A 0.5917 g sample of a pure soluble chloride compound is dissolved in water, and all of the chloride ion is precipitated as AgCl by the addition of an excess of silver nitrate. The mass of the resulting AgCl is found to be 1.5683 g.
What is the mass percentage of chlorine in the original compound?
mols AgCl = grams/molar mass
Is it % Cl2 you want and not chloride?
(I suspect it is chloride) but I'll stick to what you posted.
g Cl2 = (1.5683g AgCl x (molar mass Cl2/2*molar mass AgCl)
Then %Cl2 = (g Cl2/mass sample)*100 = ?
To find the mass percentage of chlorine in the original compound, we need to determine the mass of chlorine in the AgCl precipitate and then use that to calculate the percentage.
We are given the mass of the AgCl precipitate (1.5683 g), which contains both silver (Ag) and chlorine (Cl).
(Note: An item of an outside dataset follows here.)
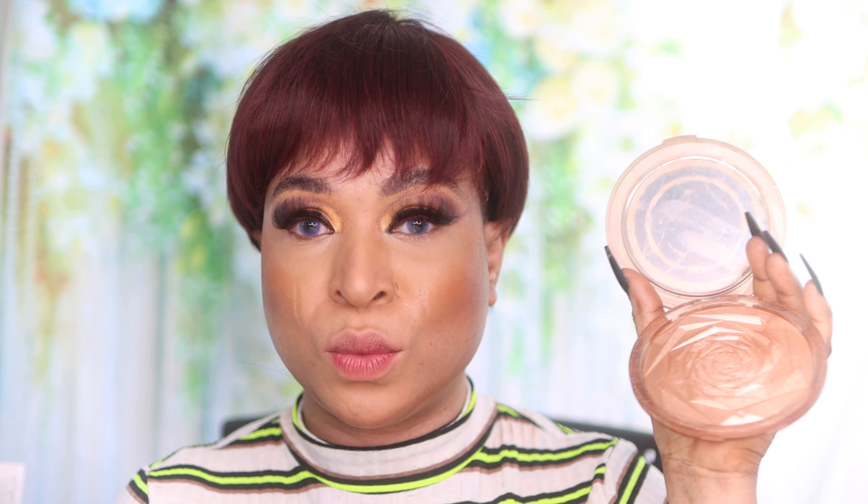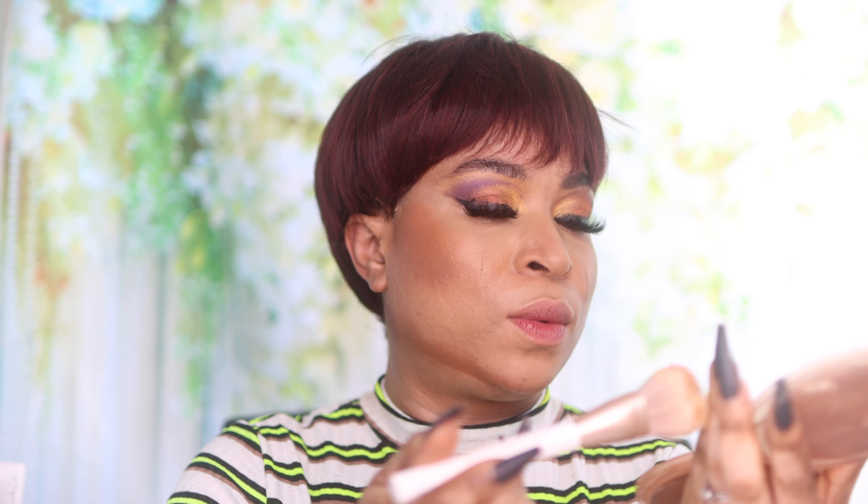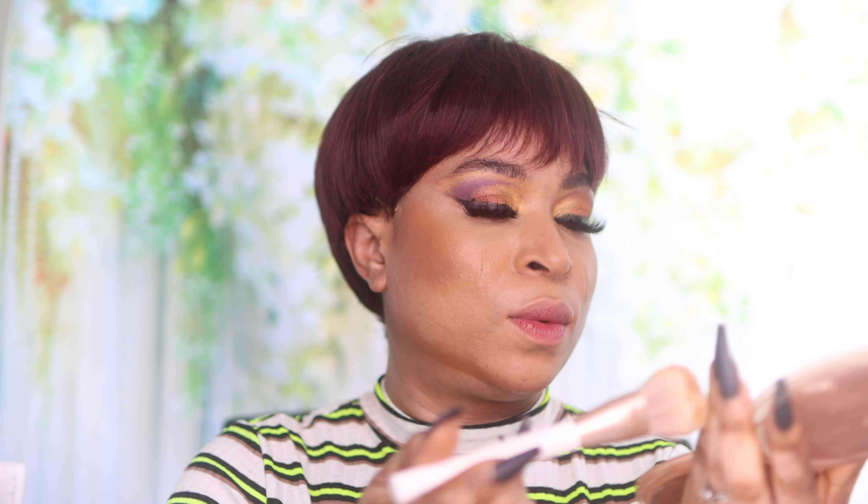The Fenty setting spray is the best, guys — seriously the best. Some setting sprays make it appear like it's raining on your face, but with this Fenty one it's so subtle that you can barely feel it, and at the same time it helps your makeup blend in seamlessly and everything just looks gorgeous.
The molar ratio of Ag to Cl in AgCl is 1:1, so the mass of chlorine in the AgCl can be calculated by subtracting the mass of Ag from the total mass of AgCl.
1. Calculate the mass of chlorine in the AgCl precipitate:
Mass of AgCl = 1.5683 g
Molar mass of AgCl = atomic mass of Ag (107.87 g/mol) + atomic mass of Cl (35.45 g/mol) = 143.32 g/mol
Mass of chlorine = Mass of AgCl - Mass of Ag
= 1.5683 g - (1.5683 g / 143.32 g/mol * 107.87 g/mol)
= 1.5683 g - 1.1413 g
= 0.427 g
Now, we know that the mass of chlorine in the original compound is equal to the mass of chlorine in the AgCl precipitate. We can calculate the mass percentage of chlorine by dividing the mass of chlorine by the mass of the original compound and then multiplying by 100.
2. Calculate the mass percentage of chlorine:
Mass of original compound = 0.5917 g
Mass percentage of chlorine = (Mass of chlorine / Mass of original compound) * 100
= (0.427 g / 0.5917 g) * 100
= 72.10%
Therefore, the mass percentage of chlorine in the original compound is 72.10%.